It’s Cinco De Mayo….
Today is a reason for people who don’t have a good reason to to get drunk. Me, I can sit on a grassy hill and be inspired by the misshapen clouds to toss back a good 5 or 7 beers any old Tuesday or Thursday afternoon. And I’m not even a professional drunk, just a hobbyist. Days like Cinco De Mayo is when I stay away from watering holes like they’re filled with rank Yellowstone sulphur. The amateurism drives me bonkers, absolutely crackers! Vaporized personalities, clouds of polluted words billowing through the room. You need a gas mask just to enter.
There’s a certain collective, celebratory air that creates a cranky, cantankerous me.
There’s already fire in the hills, the news swarming over it like moths drawn to bug zappers. Summer is on its way and comes armed with heat. I don’t like summer. I like winter coats, scarves, and going to the mountains. I work all summer. There’s no vacation in the Bahamas. There’re no whimsical jaunts to the seaside. It’s just backsweat and overheated engines.
A tribe of Cinco De Mayo revelers just trundled past my apartment. There were hoots and hollers and diabolical laughter. I knew if I whoo-hooed someone would whoo-hoo back. That’s why I refrained.

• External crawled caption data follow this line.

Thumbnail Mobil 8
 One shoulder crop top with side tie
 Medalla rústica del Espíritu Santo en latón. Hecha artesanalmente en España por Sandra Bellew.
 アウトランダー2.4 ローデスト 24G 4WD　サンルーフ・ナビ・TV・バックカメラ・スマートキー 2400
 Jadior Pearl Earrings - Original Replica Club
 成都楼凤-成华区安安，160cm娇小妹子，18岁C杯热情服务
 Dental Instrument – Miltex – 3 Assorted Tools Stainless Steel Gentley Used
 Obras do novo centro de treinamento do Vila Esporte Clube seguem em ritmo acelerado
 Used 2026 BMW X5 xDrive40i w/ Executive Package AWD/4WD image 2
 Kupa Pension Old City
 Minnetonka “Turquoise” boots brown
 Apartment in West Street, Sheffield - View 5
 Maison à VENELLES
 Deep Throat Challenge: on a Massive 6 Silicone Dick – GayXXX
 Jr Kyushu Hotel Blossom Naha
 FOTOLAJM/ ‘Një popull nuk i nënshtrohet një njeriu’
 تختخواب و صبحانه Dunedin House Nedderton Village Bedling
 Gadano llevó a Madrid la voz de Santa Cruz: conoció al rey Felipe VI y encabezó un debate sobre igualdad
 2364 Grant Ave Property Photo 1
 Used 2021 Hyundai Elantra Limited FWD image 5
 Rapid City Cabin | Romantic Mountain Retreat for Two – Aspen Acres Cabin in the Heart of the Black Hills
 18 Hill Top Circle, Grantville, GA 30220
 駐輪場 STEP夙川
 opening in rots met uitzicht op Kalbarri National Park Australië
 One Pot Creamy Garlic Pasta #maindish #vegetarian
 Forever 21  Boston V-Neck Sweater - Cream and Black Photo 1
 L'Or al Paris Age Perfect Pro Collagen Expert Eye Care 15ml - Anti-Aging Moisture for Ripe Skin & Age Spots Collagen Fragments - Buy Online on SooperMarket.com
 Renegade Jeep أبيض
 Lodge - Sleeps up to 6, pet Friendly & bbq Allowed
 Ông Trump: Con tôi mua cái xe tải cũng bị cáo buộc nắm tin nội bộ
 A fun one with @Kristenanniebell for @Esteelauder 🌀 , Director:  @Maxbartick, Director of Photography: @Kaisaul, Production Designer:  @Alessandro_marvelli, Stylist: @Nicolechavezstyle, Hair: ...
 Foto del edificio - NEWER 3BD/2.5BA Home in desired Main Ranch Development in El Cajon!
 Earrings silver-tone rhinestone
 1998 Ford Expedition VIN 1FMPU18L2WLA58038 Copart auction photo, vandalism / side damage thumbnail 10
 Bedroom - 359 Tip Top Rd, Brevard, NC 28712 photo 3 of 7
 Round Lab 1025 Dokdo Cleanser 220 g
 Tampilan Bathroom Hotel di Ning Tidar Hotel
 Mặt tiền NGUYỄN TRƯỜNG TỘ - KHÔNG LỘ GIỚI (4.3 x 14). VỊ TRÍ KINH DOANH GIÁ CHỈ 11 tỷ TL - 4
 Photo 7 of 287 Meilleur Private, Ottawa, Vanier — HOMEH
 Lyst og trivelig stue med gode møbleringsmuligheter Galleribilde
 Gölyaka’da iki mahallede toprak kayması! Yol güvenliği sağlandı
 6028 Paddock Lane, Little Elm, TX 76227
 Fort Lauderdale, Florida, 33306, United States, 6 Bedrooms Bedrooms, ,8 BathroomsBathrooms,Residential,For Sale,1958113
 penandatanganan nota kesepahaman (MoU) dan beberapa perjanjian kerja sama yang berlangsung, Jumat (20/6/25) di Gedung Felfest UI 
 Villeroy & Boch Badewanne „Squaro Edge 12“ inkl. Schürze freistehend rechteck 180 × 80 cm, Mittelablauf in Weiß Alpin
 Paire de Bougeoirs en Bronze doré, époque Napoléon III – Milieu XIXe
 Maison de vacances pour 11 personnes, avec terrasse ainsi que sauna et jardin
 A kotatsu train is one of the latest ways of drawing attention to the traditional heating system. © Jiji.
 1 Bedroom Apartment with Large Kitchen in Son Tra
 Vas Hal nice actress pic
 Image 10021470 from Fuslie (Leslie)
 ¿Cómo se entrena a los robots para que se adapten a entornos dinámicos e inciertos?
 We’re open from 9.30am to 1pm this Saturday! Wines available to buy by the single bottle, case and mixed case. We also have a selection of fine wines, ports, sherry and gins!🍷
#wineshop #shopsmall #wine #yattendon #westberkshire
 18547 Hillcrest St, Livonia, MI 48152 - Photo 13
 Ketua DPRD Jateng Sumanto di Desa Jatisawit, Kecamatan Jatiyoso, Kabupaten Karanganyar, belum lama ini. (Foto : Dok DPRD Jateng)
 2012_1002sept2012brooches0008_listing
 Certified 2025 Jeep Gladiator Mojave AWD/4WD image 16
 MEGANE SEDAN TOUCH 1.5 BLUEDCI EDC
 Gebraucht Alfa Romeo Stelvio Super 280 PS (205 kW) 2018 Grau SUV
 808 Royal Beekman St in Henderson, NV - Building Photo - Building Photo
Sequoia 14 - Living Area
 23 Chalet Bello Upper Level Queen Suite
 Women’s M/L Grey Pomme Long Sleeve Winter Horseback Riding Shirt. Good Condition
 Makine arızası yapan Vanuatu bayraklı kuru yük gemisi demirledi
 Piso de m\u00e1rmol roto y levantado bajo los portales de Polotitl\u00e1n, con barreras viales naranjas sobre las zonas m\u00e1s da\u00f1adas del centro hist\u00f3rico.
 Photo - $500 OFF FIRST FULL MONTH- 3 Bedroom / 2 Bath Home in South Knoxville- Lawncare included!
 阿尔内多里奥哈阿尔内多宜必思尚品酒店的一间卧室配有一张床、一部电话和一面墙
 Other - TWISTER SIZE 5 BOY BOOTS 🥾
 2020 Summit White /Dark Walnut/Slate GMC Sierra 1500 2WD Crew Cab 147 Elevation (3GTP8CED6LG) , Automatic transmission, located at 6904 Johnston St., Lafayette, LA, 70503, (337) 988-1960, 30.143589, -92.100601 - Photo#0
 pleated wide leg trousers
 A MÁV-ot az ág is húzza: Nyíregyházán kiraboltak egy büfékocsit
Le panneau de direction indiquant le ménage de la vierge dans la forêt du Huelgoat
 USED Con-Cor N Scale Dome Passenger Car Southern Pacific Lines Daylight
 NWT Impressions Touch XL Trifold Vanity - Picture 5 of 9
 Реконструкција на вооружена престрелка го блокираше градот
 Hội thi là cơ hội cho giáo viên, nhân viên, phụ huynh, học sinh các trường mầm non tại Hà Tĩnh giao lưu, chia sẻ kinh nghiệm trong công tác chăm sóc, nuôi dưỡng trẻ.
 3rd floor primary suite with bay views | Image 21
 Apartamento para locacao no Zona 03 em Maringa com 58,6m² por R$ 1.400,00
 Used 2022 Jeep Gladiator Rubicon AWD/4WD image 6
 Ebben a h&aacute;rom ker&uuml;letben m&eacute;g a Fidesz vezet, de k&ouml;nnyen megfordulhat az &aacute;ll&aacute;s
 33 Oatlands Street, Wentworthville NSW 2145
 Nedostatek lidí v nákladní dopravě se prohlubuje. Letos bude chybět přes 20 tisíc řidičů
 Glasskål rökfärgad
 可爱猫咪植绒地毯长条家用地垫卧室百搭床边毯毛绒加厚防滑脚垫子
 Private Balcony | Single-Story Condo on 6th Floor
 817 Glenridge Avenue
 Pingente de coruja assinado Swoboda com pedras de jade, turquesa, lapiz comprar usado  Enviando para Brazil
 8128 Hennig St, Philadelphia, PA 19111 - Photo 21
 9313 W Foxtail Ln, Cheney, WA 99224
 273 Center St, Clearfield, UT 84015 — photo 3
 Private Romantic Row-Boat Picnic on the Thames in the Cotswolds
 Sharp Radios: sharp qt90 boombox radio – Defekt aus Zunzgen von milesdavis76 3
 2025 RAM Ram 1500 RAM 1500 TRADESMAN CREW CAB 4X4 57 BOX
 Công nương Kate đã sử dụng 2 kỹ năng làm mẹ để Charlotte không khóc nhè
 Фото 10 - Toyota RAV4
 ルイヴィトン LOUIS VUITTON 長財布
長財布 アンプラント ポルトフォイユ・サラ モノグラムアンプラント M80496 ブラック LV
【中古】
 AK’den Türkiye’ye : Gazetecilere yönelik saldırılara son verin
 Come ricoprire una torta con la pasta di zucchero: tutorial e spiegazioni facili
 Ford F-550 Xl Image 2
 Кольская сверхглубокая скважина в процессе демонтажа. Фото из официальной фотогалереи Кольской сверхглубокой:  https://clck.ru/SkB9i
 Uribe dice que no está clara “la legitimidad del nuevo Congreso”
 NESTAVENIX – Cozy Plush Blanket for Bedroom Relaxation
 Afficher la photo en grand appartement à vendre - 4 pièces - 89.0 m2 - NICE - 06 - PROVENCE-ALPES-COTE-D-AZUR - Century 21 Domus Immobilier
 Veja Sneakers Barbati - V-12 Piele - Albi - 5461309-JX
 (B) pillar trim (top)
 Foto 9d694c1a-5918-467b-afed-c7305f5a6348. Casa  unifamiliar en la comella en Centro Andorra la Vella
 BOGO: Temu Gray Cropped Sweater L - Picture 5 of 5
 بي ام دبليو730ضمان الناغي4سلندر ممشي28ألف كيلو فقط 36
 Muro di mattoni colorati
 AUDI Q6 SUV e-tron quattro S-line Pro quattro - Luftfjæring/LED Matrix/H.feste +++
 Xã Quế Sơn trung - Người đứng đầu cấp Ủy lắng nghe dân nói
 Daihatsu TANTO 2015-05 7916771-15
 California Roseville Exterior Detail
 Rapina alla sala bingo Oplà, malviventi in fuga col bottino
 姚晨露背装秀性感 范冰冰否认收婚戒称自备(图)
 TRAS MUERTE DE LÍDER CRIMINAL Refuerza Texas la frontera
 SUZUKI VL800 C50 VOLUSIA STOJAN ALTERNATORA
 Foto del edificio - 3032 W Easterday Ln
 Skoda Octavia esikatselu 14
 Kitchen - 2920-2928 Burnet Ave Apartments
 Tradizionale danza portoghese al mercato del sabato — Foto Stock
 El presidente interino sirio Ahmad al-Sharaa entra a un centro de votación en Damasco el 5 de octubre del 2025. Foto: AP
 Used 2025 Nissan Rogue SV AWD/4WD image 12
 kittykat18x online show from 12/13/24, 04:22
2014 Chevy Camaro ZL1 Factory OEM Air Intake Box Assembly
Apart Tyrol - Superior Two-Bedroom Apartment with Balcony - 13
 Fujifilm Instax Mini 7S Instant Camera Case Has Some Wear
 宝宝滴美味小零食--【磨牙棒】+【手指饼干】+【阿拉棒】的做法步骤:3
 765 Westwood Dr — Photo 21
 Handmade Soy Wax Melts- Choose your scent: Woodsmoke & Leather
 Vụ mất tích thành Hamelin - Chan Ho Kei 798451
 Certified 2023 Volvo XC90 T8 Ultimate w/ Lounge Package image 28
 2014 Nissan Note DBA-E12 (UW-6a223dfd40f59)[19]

I started to redecorate my apartment, but only in my mind. In actuality, I haven’t touched a thing, haven’t lifted a single object, but it looks great. I start by throwing away all the bills, tearing them up and leaving a can full of trash. I then finish the three beers in the fridge. I tear down the slap-art I’ve pissed out in random bouts of inspiration and derangement… it’s the same shit really. I take the TV and turn it upside down and fill it with fish and confetti. The couch gets redone into a canoe; with paddles by my side I’ll float downstream to port. In the kitchen I’ll keep a penguin.
As deep as you stick your foot in the ground,
you still can’t stop the Earth from going round.
Some of us try to be fence posts. We plant ourselves in a lovely patch of garden and pray against droughts, and tornadoes, and bugs, and lightning. We try to beat the odds by hunkering down. Like a 100-year old tortoise, alive but not going very far.
There’s nothing like an untethered flag, frivolously and un-symbolically flapping uncontrollably away from its place of containment. Unhitched from its pole, it dances on the air with gusto. Flags so rarely are set free, but live a life of fettered obedience. Once, maybe twice, a year they receive a brief salute, perhaps a poorly-sung, antiquated song. If I was a flag I’d have a lot to hang my head about.
I’m inside my apartment with the window opened listening to Wilco singing Woodie Guthry lyrics about my sky while a helicopter is flapping overhead, and I argue inside my mind whether or not to mention that fact. That the chopper was buzzing my apartment — just saying it makes it seem much less real. Now it’s gone. And so is Wilco, and like that we’re all spindling down some other moment in time, different than the other; like every star in the universe, a whole world is contained inside. I wait with baited breath for the next song to play, to take me to some other place, but I realize it’s the end of the Playlist. And silence is its own moment.
There’s no bed of California stars. I don’t know if anyone told Woodie or reminded Jeff Tweedy. There is a place where they sleep when no longer shinning on us. I think somewhere south of here. But it’s hardly classified as a bed, more like a wooden case. Sometimes, though, I admit I do find a bed of stars, camping somewhere far out in the desert, the night sky spilling over with them, like mints knocked out of their jar. I’ve kept a diary of their movements, blurring through the sky, a tableaux of worlds mesmerizing to these eyes. They dance in cursive loops over millions of years.
Here in L.A, we have but six or seven stars in the sky, choking on smog; and though the city-glow mostly obscures them all, I cherish the fleeting light, it’s like a passing brush with heaven’s majestic, dazzling coat.
Every now and then you can even see the Big Dipper, or is that the Little?